» Collected data entries

..........

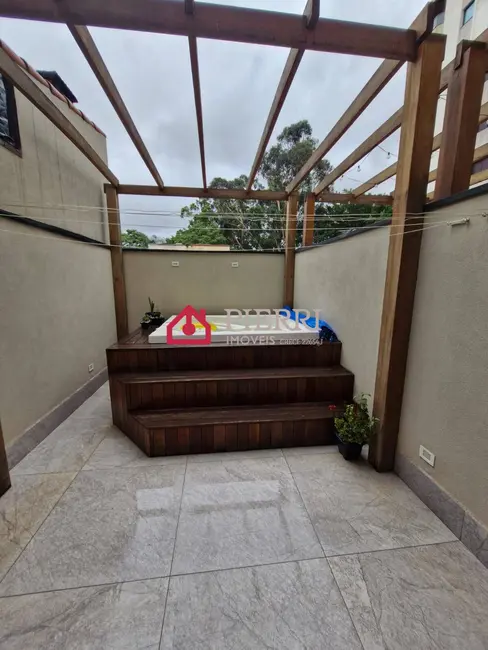 Sobrado com 3 quartos à venda em Parque São Domingos, São Paulo - SP - imagem 1 Foto 1 de Sobrado com 3 quartos à venda em Parque São Domingos, São Paulo - SP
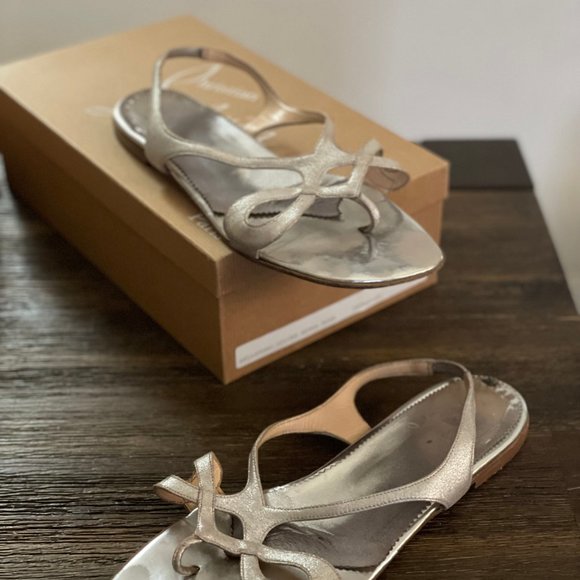 Louboutin "Bellatong" Silver Nappa Sandal flat - 38.5 - Picture 6 of 8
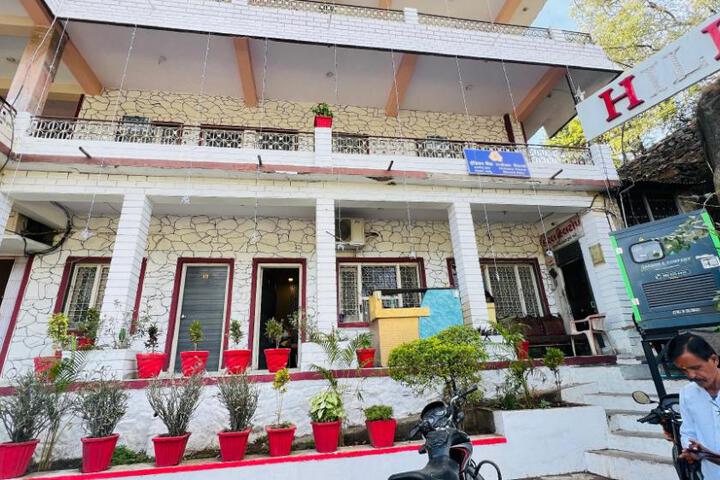 Hotel Hilltop Mount Abu Rajasthan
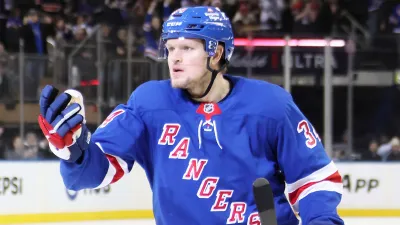 Артур Калиев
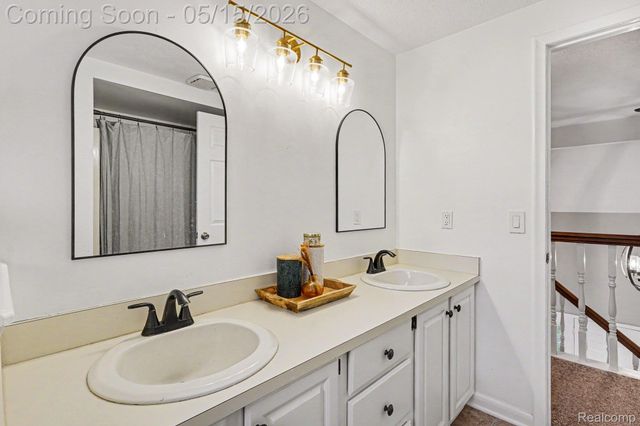 5600 Chestnut Hill Drive, Independence Charter Township, MI 48346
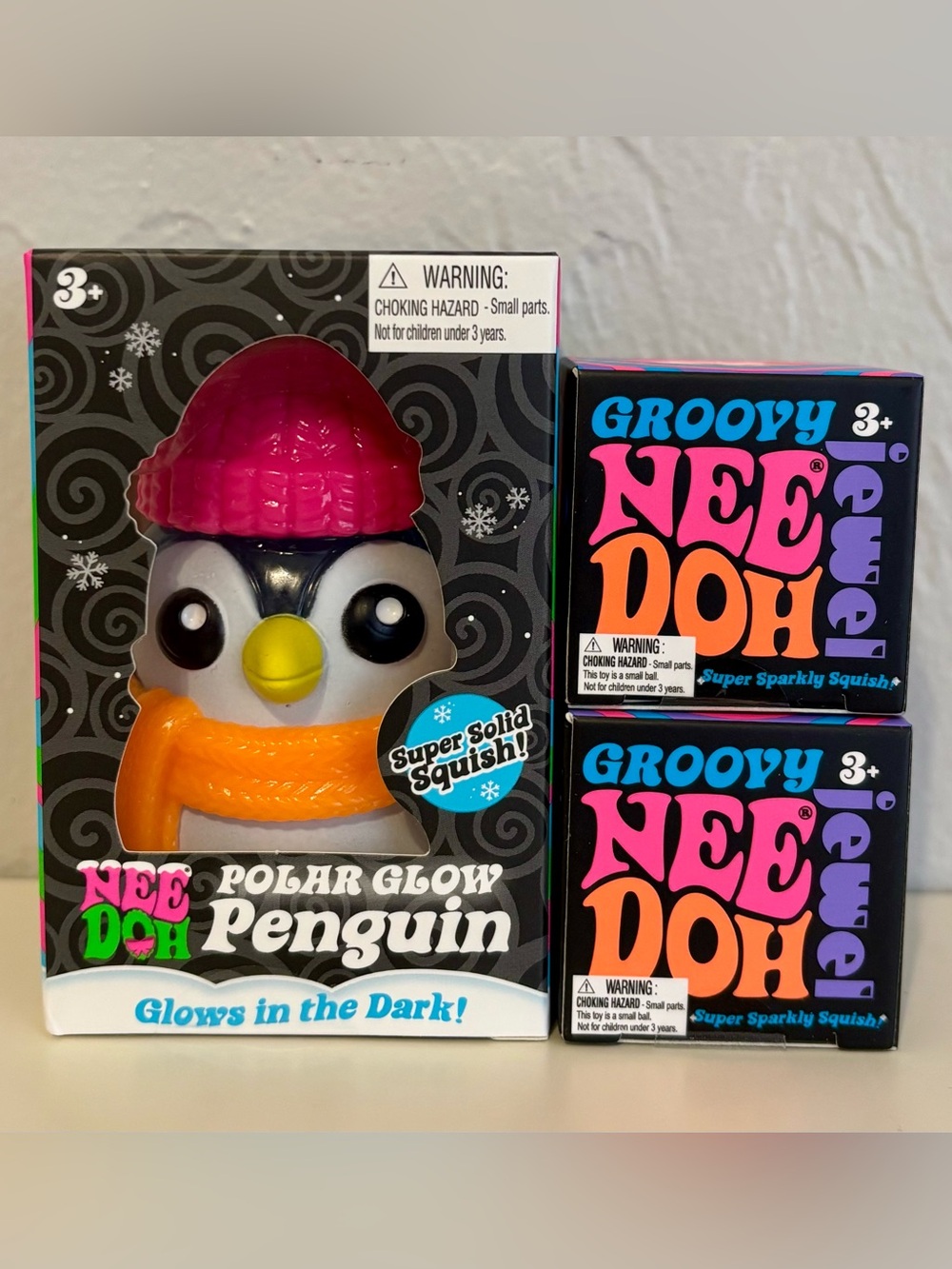 Needoh Polar Glow Penguin Super Solid Squish + 2 NeeDoh Sparkly Jewels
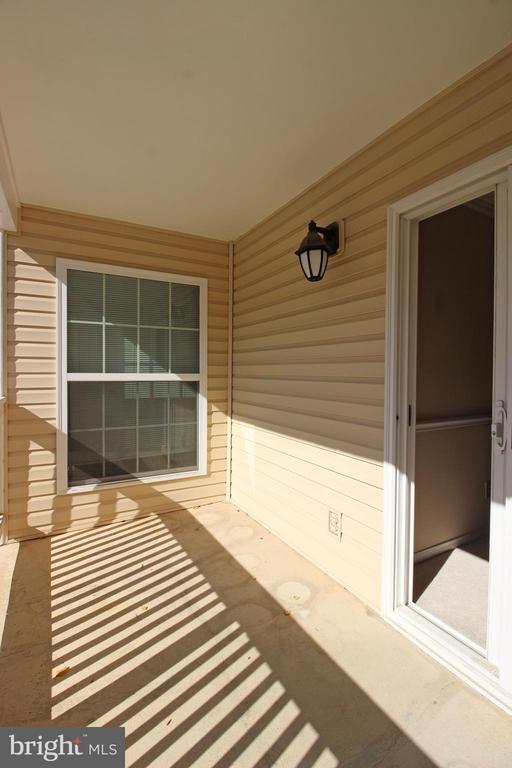 Building Photo - 1543 Lincoln Way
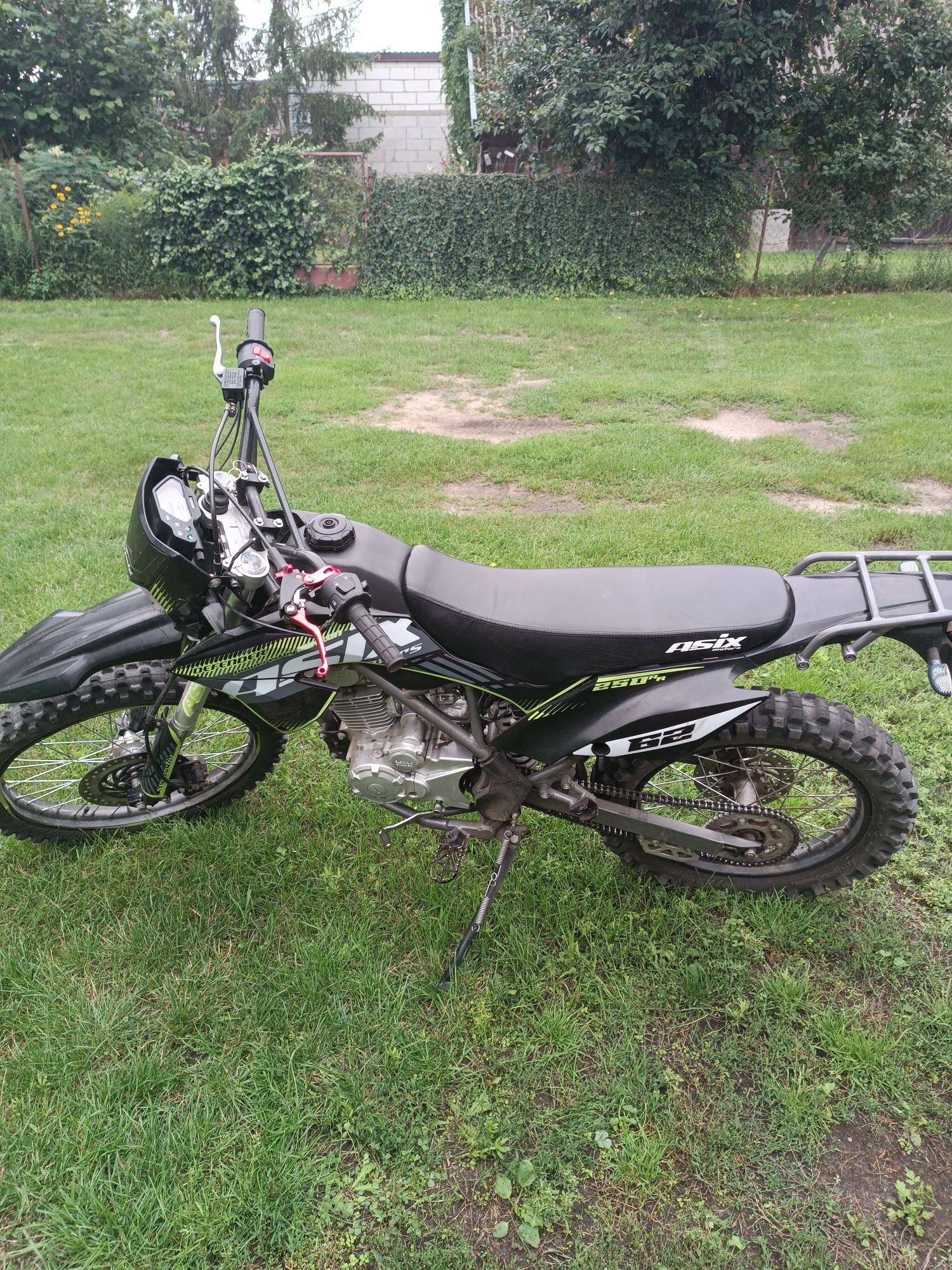Enduro/Cross Asix Defender 250cc xb-83
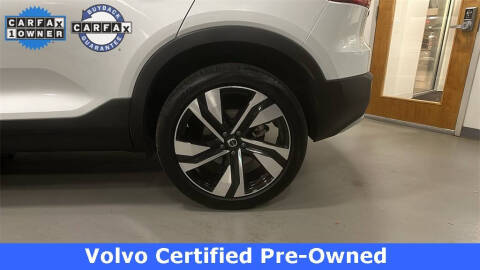 2025 Volvo XC40 B5 Plus Bright Theme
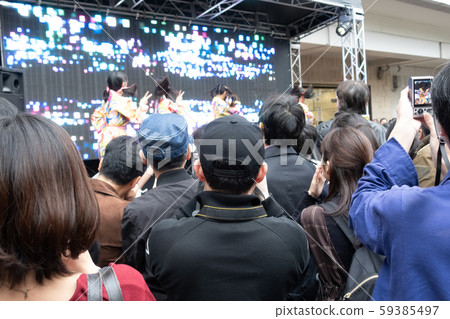 很多人在觀看戶外活動 59385497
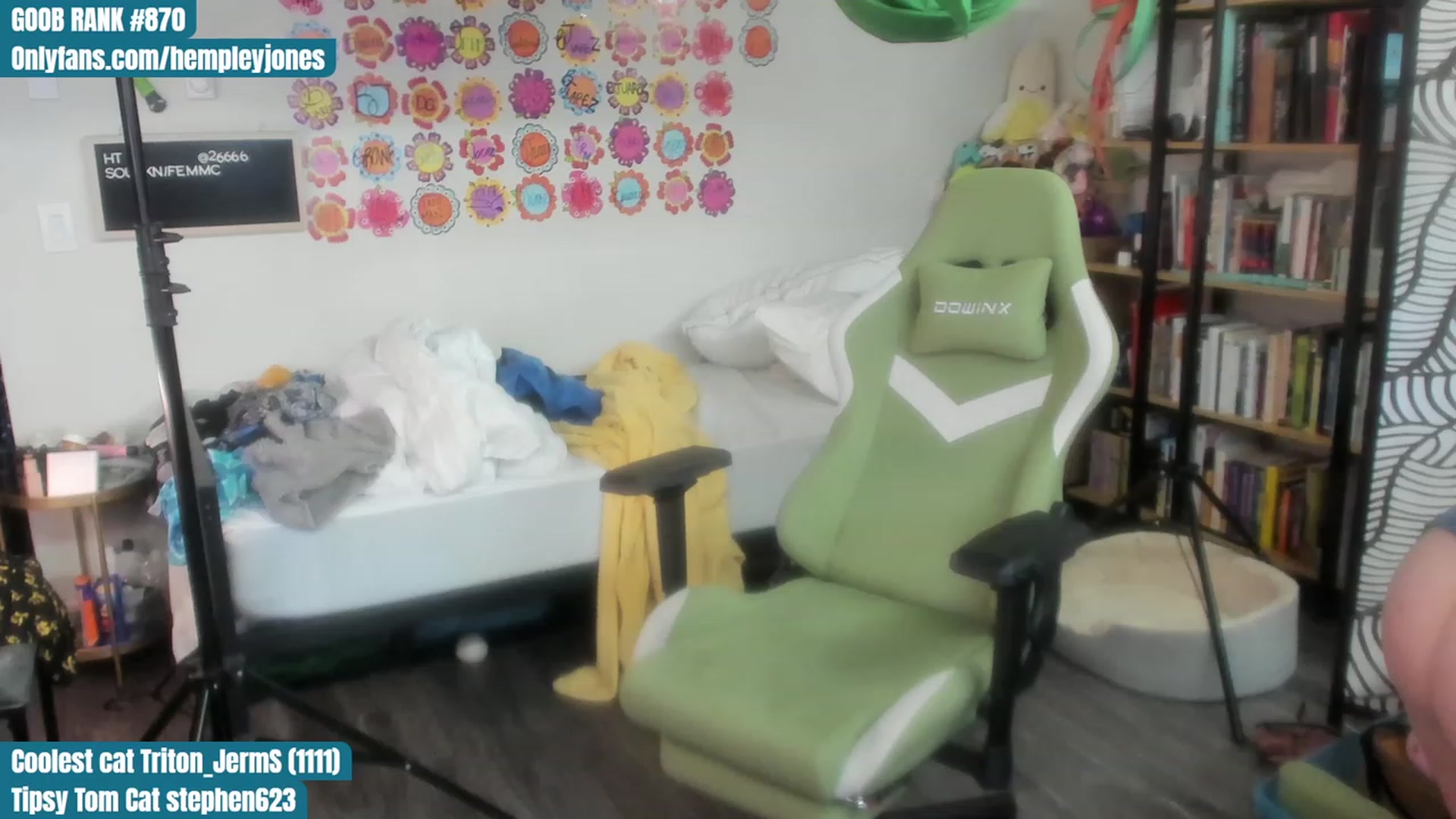 Gallery image thumbnail from Hempleyjones's myfreecams stream on, 08/12/2023, 16:15 image 12 of 20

..........

» REQUIREMENT
Repeat the records in full, exactly as they appear, without the pictures.

» TASK RESPONSE
 Sobrado com 3 quartos à venda em Parque São Domingos, São Paulo - SP - imagem 1 Foto 1 de Sobrado com 3 quartos à venda em Parque São Domingos, São Paulo - SP
 Louboutin "Bellatong" Silver Nappa Sandal flat - 38.5 - Picture 6 of 8
 Hotel Hilltop Mount Abu Rajasthan
 Артур Калиев
 5600 Chestnut Hill Drive, Independence Charter Township, MI 48346
 Needoh Polar Glow Penguin Super Solid Squish + 2 NeeDoh Sparkly Jewels
 Building Photo - 1543 Lincoln Way
Enduro/Cross Asix Defender 250cc xb-83
 2025 Volvo XC40 B5 Plus Bright Theme
 很多人在觀看戶外活動 59385497
 Gallery image thumbnail from Hempleyjones's myfreecams stream on, 08/12/2023, 16:15 image 12 of 20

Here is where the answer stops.